Strange then - they already had a *marginally* mach 2.8 capable interceptor in the air.
The Mig-25, originally, and the later -31 Foxhound follow-on. Right. I'd say even if the AW&ST piece was correct---and not Russian disinformation---and that Tu-144 engines were attempted to be fitted into the Mig-31 airframe, the air intakes would have to be made significantly larger; and that might as well require a whole new plane to be designed around the engines. A bigger plane usually means a higher wing loading, and that would reduce performance accordingly.
The F22 isn't that quick flat out - I think the Eagle is still quicker if in a clean config for instance.
I did see in the same magazine at a different time, a model of the Eagle follow-on with the biggest engines that would fit into the fuselage at that time. The twin tails were canted to outboard by, say, 10-15 degs, and I mentally estimated that the plane was capable of Mach 3 at altitude. It never made it past the drawing board stage, I suppose, so the program probably died for lack of funding? My speculation on that.

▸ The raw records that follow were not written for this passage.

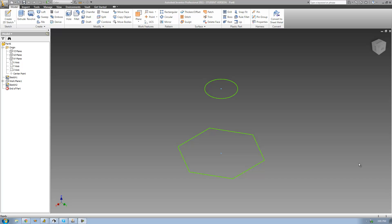Hey guys, welcome to the 28th Autodesk Inventors Tutorial, and in this tutorial we're going to continue looking at the loft tool. I'm basically going to be showing you how to use rails with the loft tool. Rails will basically act as a guide for the loft tool to follow so that we have a lot more control over our lofts.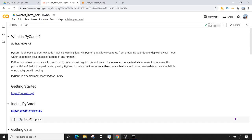Hey guys, what's going on? I'm Shubhain Rhyas and if it's your first time here and you want to learn data science in Python from scratch, please click on the subscribe button.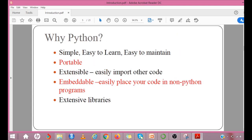Why Python? Python has few keywords, simple structure and clearly defined syntax. This allows people to pick up the language quickly. It is easy to read. It was designed for readability and has some similarities to the English language. It uses English keywords frequently, whereas other programming languages use punctuation and it has fewer syntactical constructions than other languages.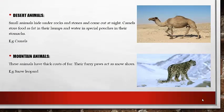Next we have desert animals. Desert animals are those animals which live in the desert area, which is dry and has very low rainfall. Small animals hide under rocks and stones and come out at night, while large animals like camels store food as fat in their humps and water in special pouches in their stomach. These animals are adapted in this way to suit their environment.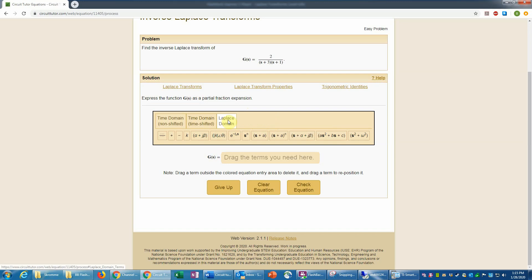Since we want the partial fraction expansion in the s domain, we need to use the terms on the Laplace transform tab of the palette — not the time domain terms, because those are functions of t. You can drag terms into position or click on them, and if you need to remove a term, drag it out and it automatically disappears. You can also use the clear equation button if you've badly messed up and want to start over. There's also always the option to give up on a problem with no penalty — you'll simply work a new problem of a similar type to gain full credit, and it will show you the fully worked solution.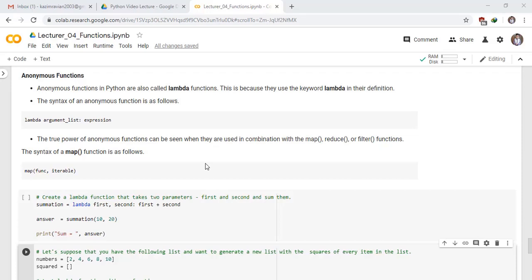Welcome to this lecture on anonymous functions. Anonymous functions in Python are also called lambda functions. This is because they use the keyword lambda in their definitions. The syntax of the anonymous function is as follows.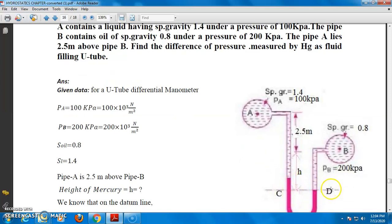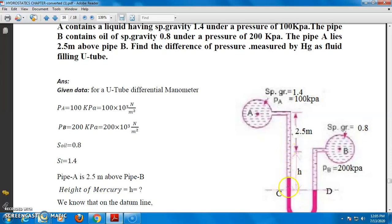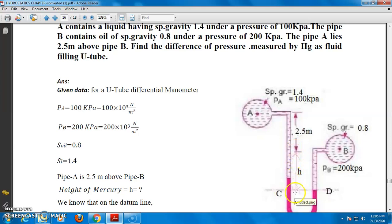This is the reference line CD. This height shown here is the height of the mercury — the difference in mercury level between the two limbs. The red color will come to here; this is the difference in mercury level from here to here. This is the difference in mercury level you have to calculate.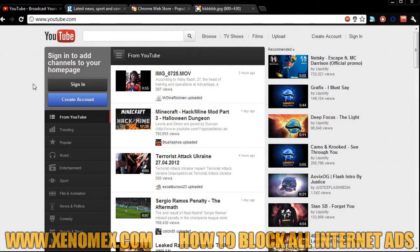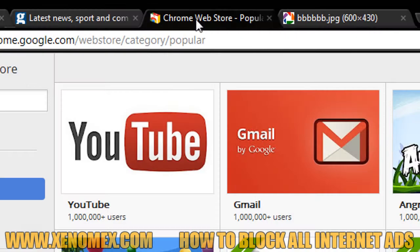Hello, you hate ads, I hate ads, and so do a lot of other people. But now, all you need to do is get Google Chrome and go to the Chrome Web Store,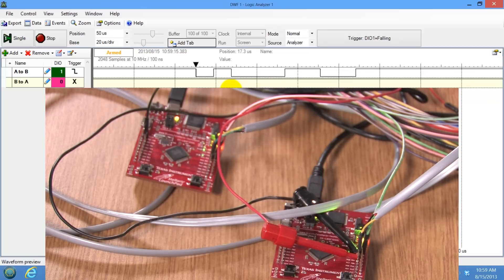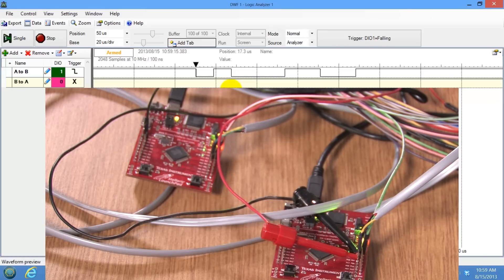So in summary, the logic analyzer is a hardware device that allows us to measure multiple digital signals in their amplitude versus time behavior.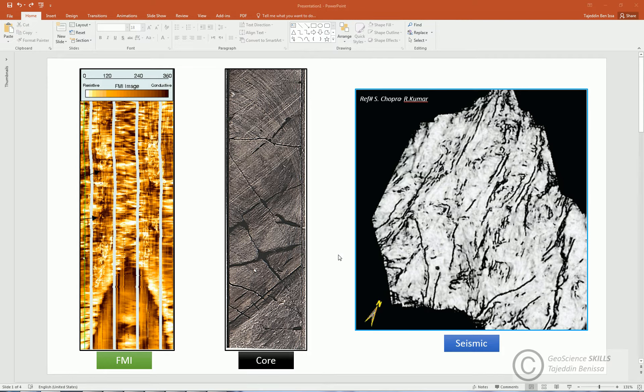Fractures are defined as discontinuities or failure features in the rock as a result of mechanical stress applied on the rock.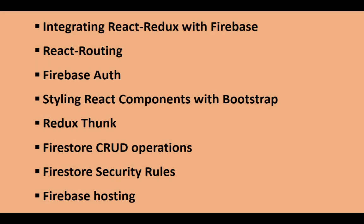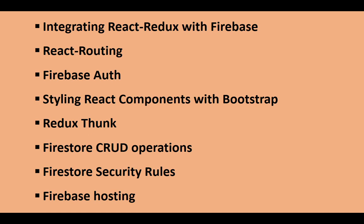First is how to integrate React and Redux with Firebase. We will use React routing, using Firebase authentication, starting React components with Bootstrap. So we will not be styling the component content using custom CSS, but we will be using Bootstrap just to fasten things up.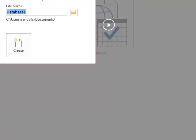To begin with, it's going to ask you for the name. Let's call this one Quest. Then I'm going to click OK or Create.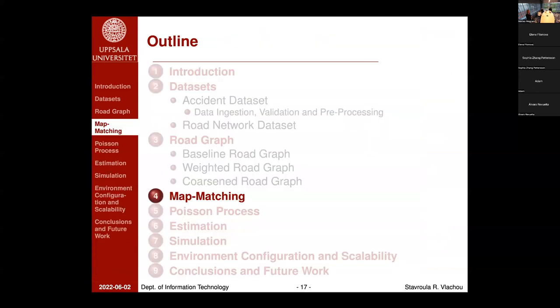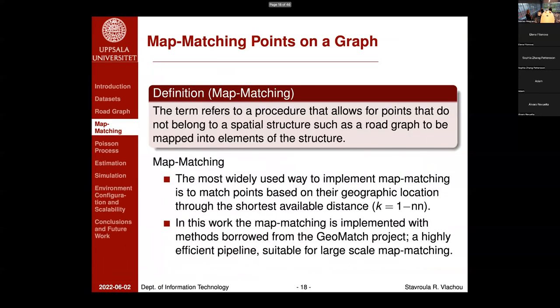The next step of the pipeline is map matching. This procedure allows points that do not belong to a spatial structure such as a road graph to be mapped into elements of the structure. One of the most widely used approaches is to match points based on geographic location using the shortest available distance — the k=1 nearest neighbor. In this work, map matching is implemented using methods borrowed from the GeoMatch project, a highly efficient pipeline suitable for large-scale map matching.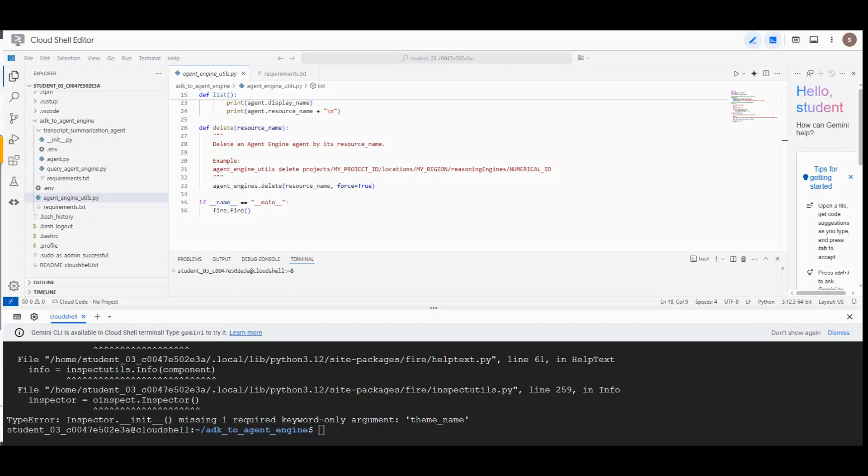Finally, congratulations, we have completed the lab. Now you can end the lab.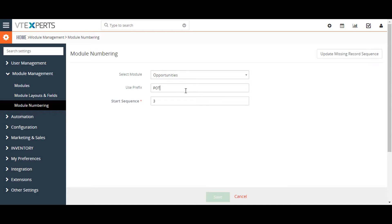You are given the options to change both the prefix applied to each record number and the starting number that shows up after the prefix. For example, to change the prefix from POT to OPP, click on the field and change the value. You can also change the start sequence number, so the next generated record will begin with your configured prefix and sequence.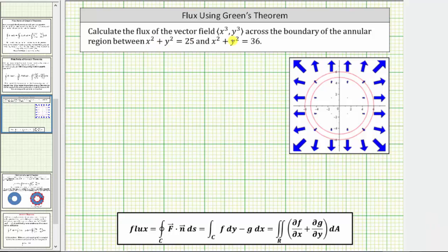Calculate the flux of the given vector field across the boundary of the annular region between x squared plus y squared equals 25 and x squared plus y squared equals 36. Looking at the graph, the vector field is graphed in blue and the two circles are graphed in red. The region R is bounded between the two circles.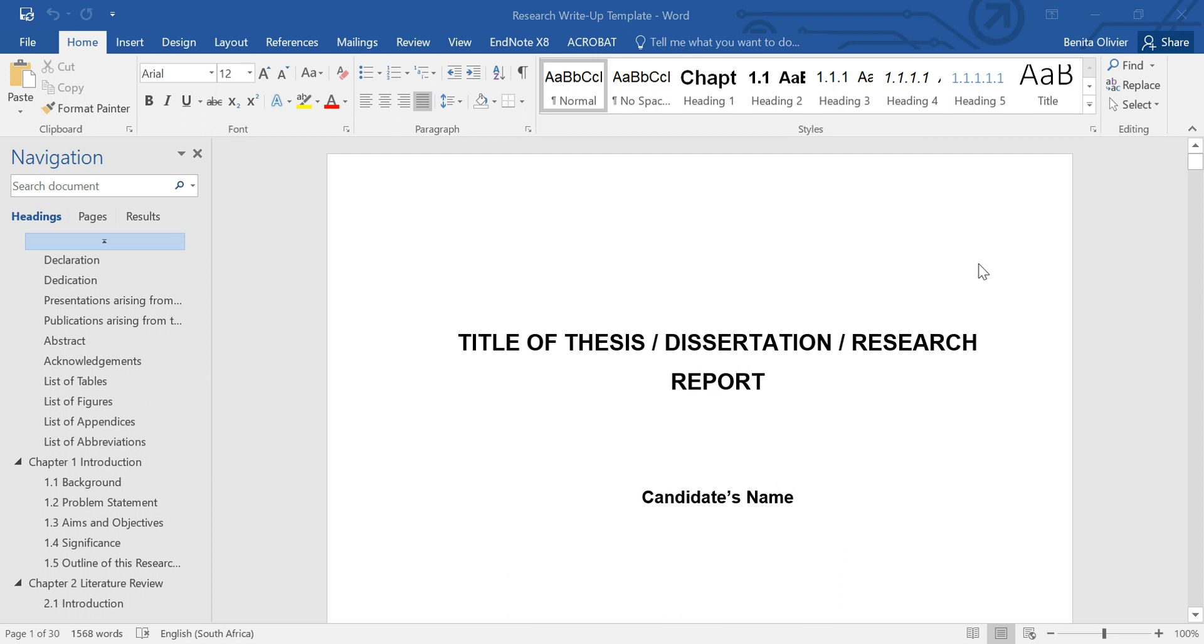Anyone who has had the privilege to write up a master's or doctorate thesis, dissertation or research report can tell you the amount of energy, effort, frustration and the many, many hours that goes into putting the template together.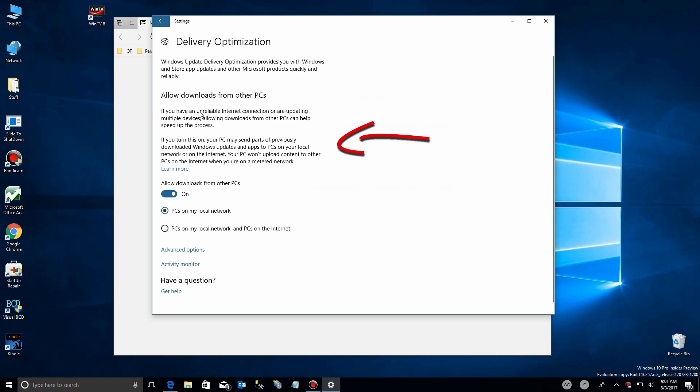It won't use up your monthly allocation if you're on a limited plan, but it does use up your data just to help other people out. Your PC's performance could be affected because it's busy uploading files to other people. Conversely, it could be improved because you get your updates faster either from local PCs or PCs that aren't bogged down, in case Microsoft servers are.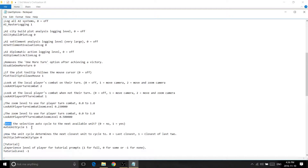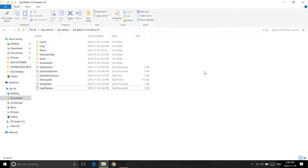After that, you want to change the value from 1 to 0 for no. Then just save it, close it, and reboot Civ 6. That's pretty much about it — thank you for watching, and have a good night, bye bye.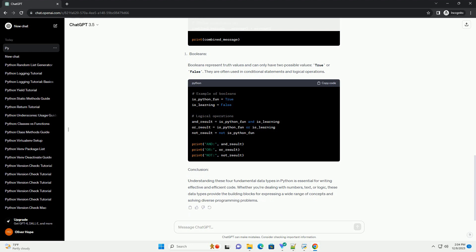Integers are whole numbers without any decimal points. They can be positive or negative. In Python, you can perform basic arithmetic operations with integers. Floats, or floating point numbers,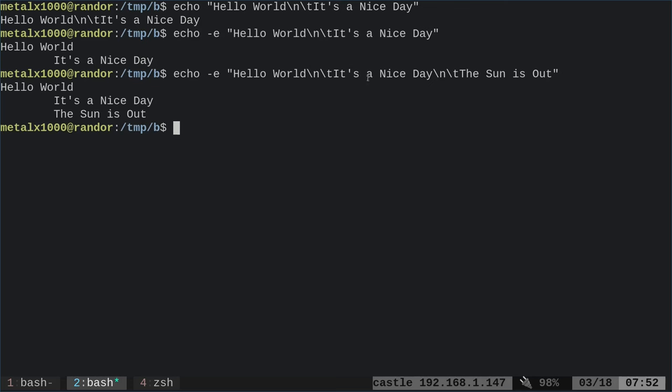So as of right now, we have learned how to print stuff to the screen, get user information, save variables, save user input as a variable, and print that out to the screen. Let's talk about saving stuff to a file.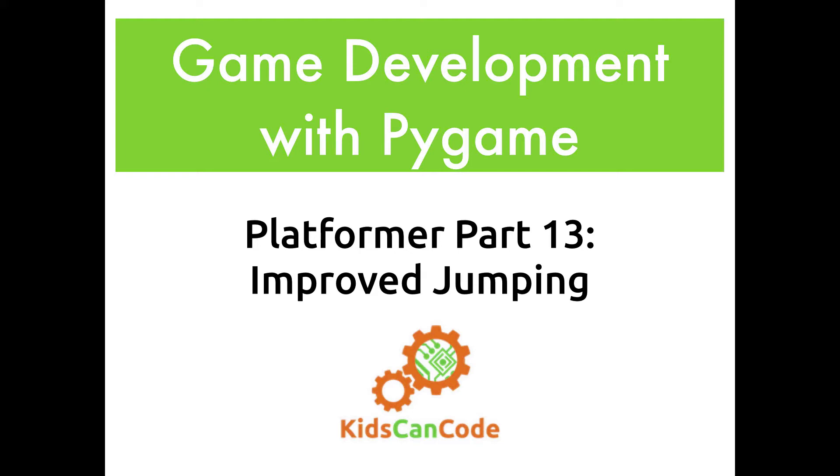Welcome back to Game Development with Pygame. This is part 13 of our platformer development, and in this video we are going to greatly improve our jumping.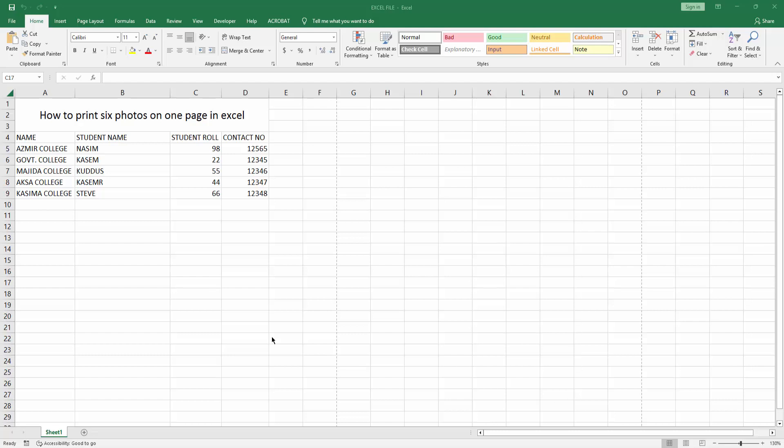Assalamu alaikum, hello friends. How are you? Welcome back to another video. In this video I am going to show you how to print six photos on one page in Microsoft Excel. Let's get started.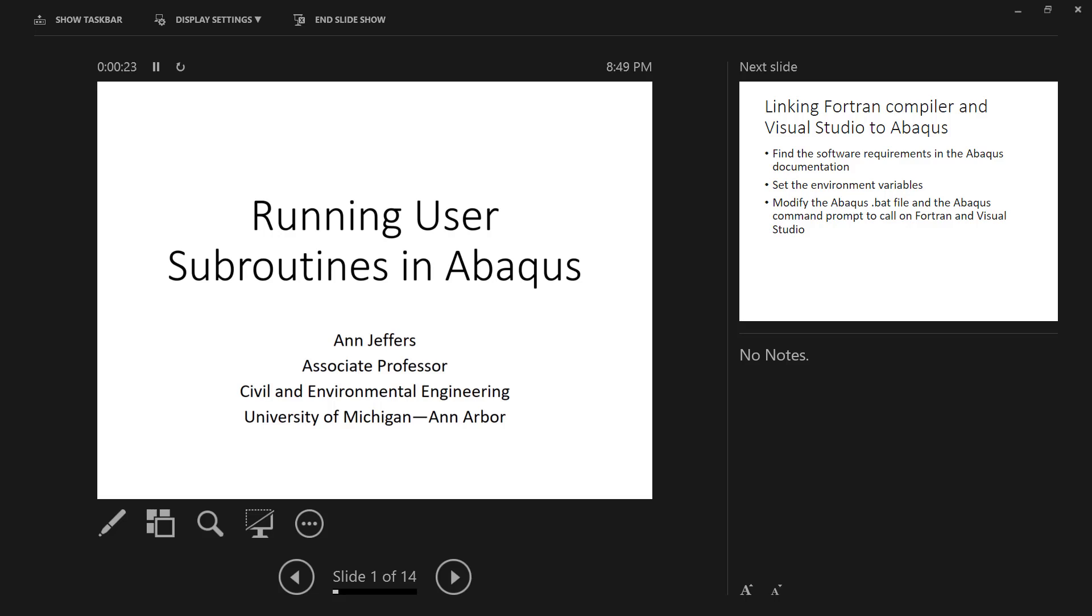Okay, so I want to take a little bit of time and talk about user subroutines and how to go about running them when you're running an analysis in Abacus.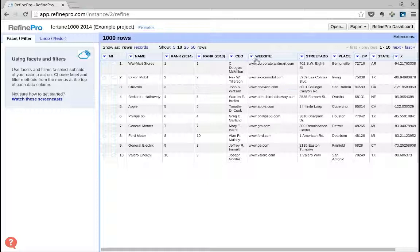So it seems that all the websites start with the same four characters, which are www dot.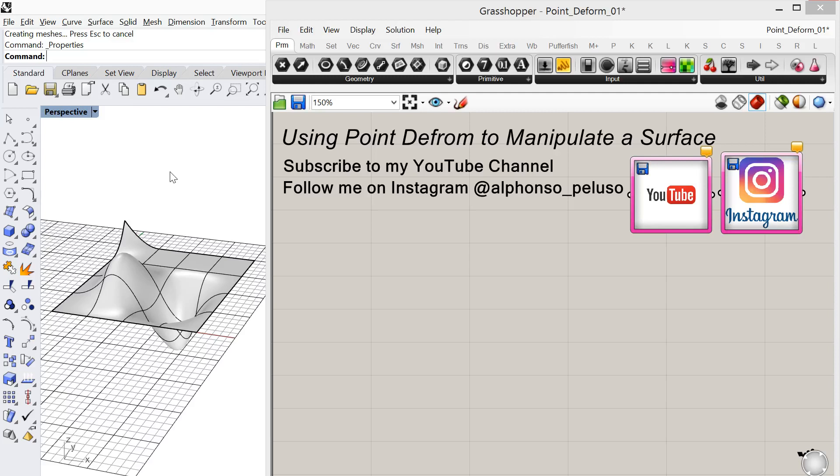Hello and welcome back to my channel. I'm Alfonso Peluso, a Studio Associate Professor in the College of Architecture at IIT, and I'm coming to you live from Crown Hall, the space of Mies van der Rohe.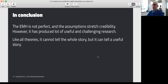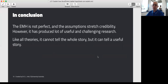In conclusion, the efficient market hypothesis is not perfect by any means — it is a bit simplified, and sometimes the assumptions do stretch credibility. However, it's been proven to be a useful theory over a long period, and it has raised interesting and challenging questions for accountants. Like all theories, it doesn't tell the whole story, but it can tell a useful story. In the next presentation, I'll be looking at a very different form of theory, one that looks at how individual investors might make decisions, using psychology-based theorising.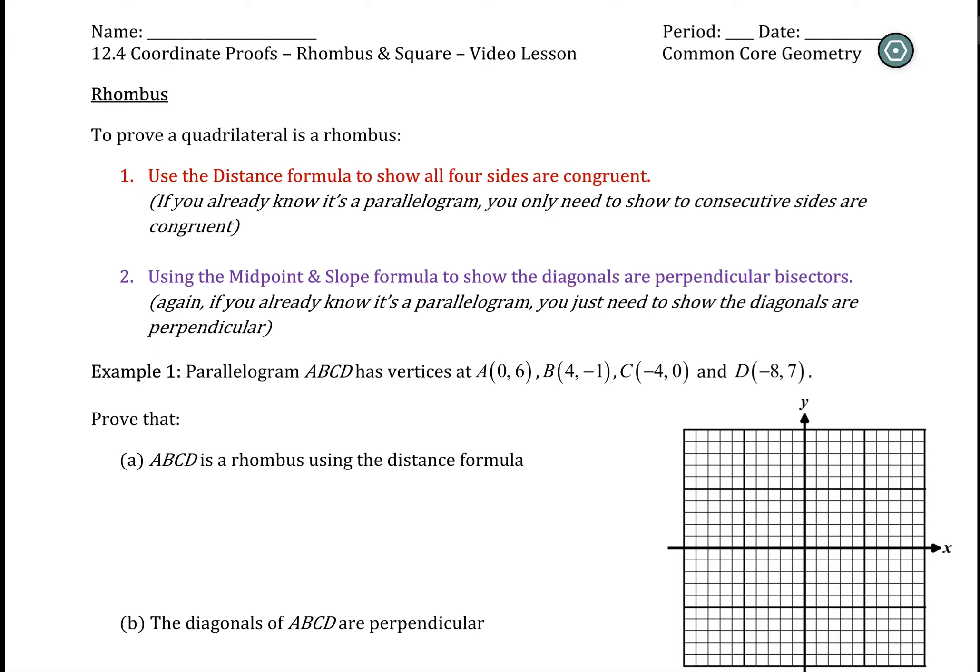Video lesson 12.4. This is another coordinate proof and we're going to specifically look at rhombuses and squares for this one. Going through the process like we did for some of the other ones, if we're trying to prove that a quadrilateral is a rhombus, we could have multiple ways to do it.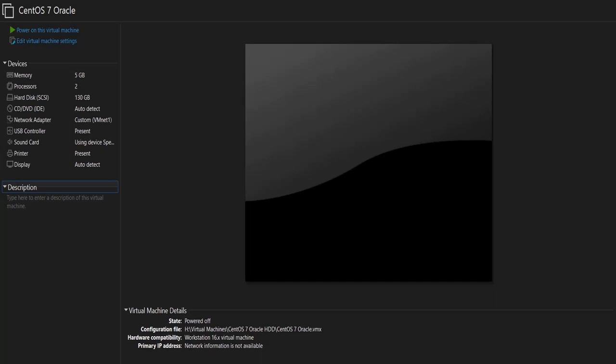If you used VMware Workstation like I am using now, when you create a new virtual machine you have the choice when creating the virtual disk to make it one single file or multiple split files. Sometimes we use multiple split files because it is easy to copy and move when needed.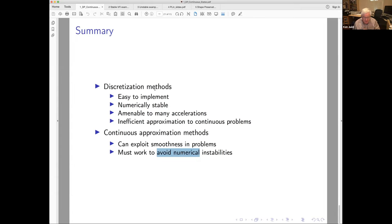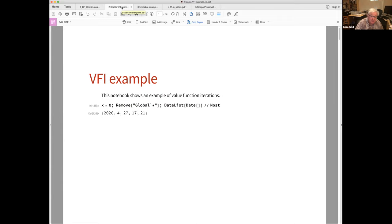I have some Mathematica notebooks that will show you these ideas. Later this week I'll be sending out problems for the next problem set — some of those problems will ask you to implement in Python, MATLAB, or whatever language you use what I do in these Mathematica notebooks.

I don't know what the outright top speed of an F22 is but the airframe and engines were optimised for supercruise, not for top speed.
Yes, exactly. Stealth was also built into the airframe to some extent as well, I recall. I suppose the Max speed would have been Mach 2.5 @ 60,000+ ft.? More speculation from distant memory.
I'll get worried when someone fields something that can outrun an AIM120D.
http://en.wikipedia.org/wiki/AIM-120_AMRAAM
Well, the SR-71 was
rumored to go Mach 5 at 100,000+ ft for at least 5,000 miles
but that was what I heard. Who know what highly classified aircraft designs have been produced since then?